La segunda característica es la importancia del contexto internacional. Durante los tres años de la Reconquista española, los sacerdotes se vieron muy influidos por la voluntad de Fernando VII de legitimar otra vez su dominio sobre estos territorios y por la persecución al clero republicano. Si bien es cierto que, en general, después de 1819 Colombia fue “débil en términos diplomáticos, con representaciones en el extranjero escasas, esporádicas y no siempre muy competentes”130, esto no aplica a las relaciones con la Santa Sede, que estuvieron en el centro del debate político nacional y cuyo estudio ayuda a comprender muchas dinámicas internas del país. Decisiones en materia eclesiástica tomadas por el Gobierno y el Congreso de Bogotá, como la aprobación del patronato en 1824, tuvieron el fin de presionar al Vaticano para que reconociera la independencia de la joven república. Por su parte, la Santa Sede tuvo una política diplomática ambigua, entre la fidelidad a la antigua alianza con Madrid y la voluntad de evitar una confrontación abierta con Colombia.

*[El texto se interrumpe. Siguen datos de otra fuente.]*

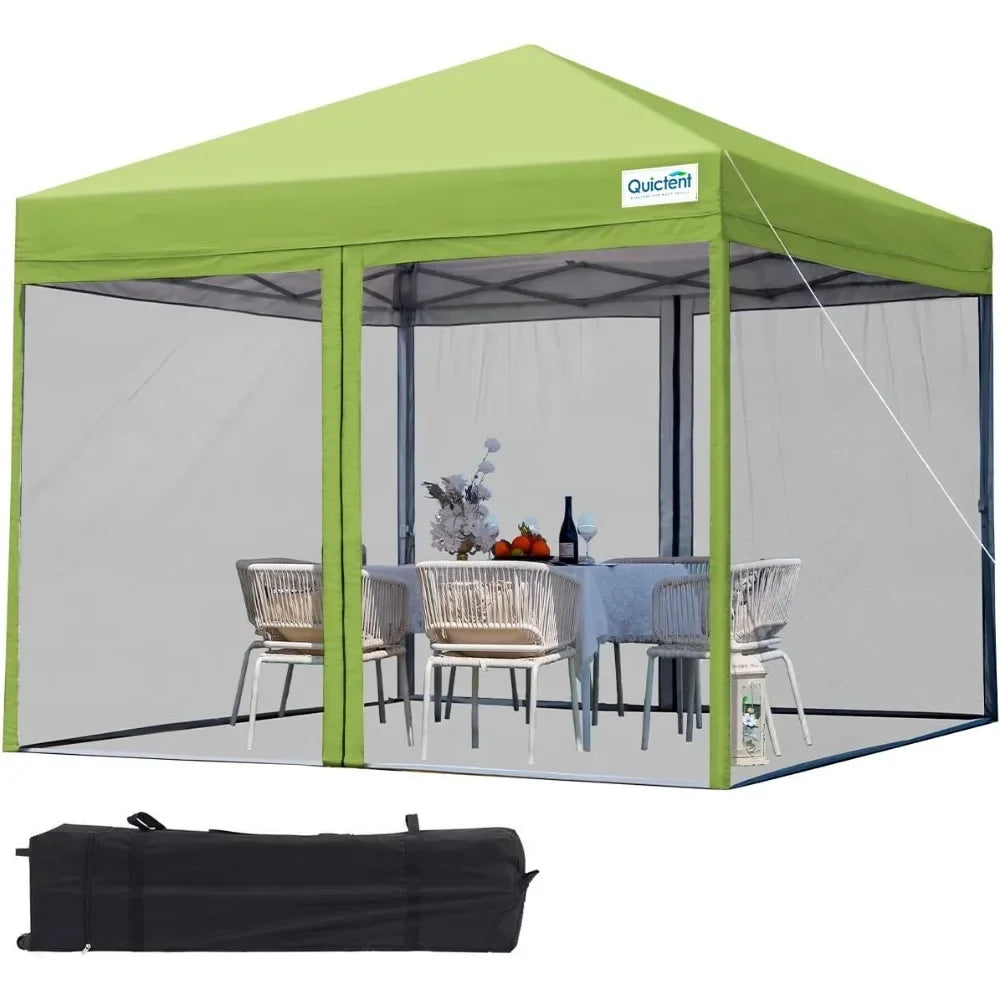 10'x10' Pop up Canopy Tent with Netting, Instant Portable Gazebo EZ-UP Screen House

Como tercera característica se mencionan las diferencias internas de los protagonistas de esta relación. Las autoridades estatales en materia eclesiástica expresaron posturas distintas entre el anticlericalismo del Congreso y la incertidumbre del Ejecutivo, que tuvo momentos en que respaldó al Legislativo y momentos en los cuales lo obstaculizó por medio del veto presidencial. Los sacerdotes también mostraron diferencias, entre el alto clero, que a partir de los provisores evitó polemizar con las autoridades, y los regulares, quienes desde 1824 paulatinamente rechazaron la legislación adversa a sus congregaciones.
En conclusión, el examen de la relación pública entre el clero y las autoridades estatales de 1817 a 1827 abre nuevas pautas de investigación, como la comparación entre la postura de los sacerdotes capitalinos con relación a las autoridades, y la de los curas de los otros obispados de Colombia y de América Latina. En segundo lugar, es necesario ampliar el estudio de esta relación a otras fuentes como, por ejemplo, los documentos de sectores sociales no pertenecientes al clero. Finalmente, sería interesante examinar el episcopado de monseñor Caycedo y Flórez, con el fin de reconstruir la evolución del clero bogotano entre 1827 y 1832, y analizar cómo el primer arzobispo republicano enfrentó el creciente inconformismo de unos sacerdotes santafereños hacia el desarrollo social y político de la nación.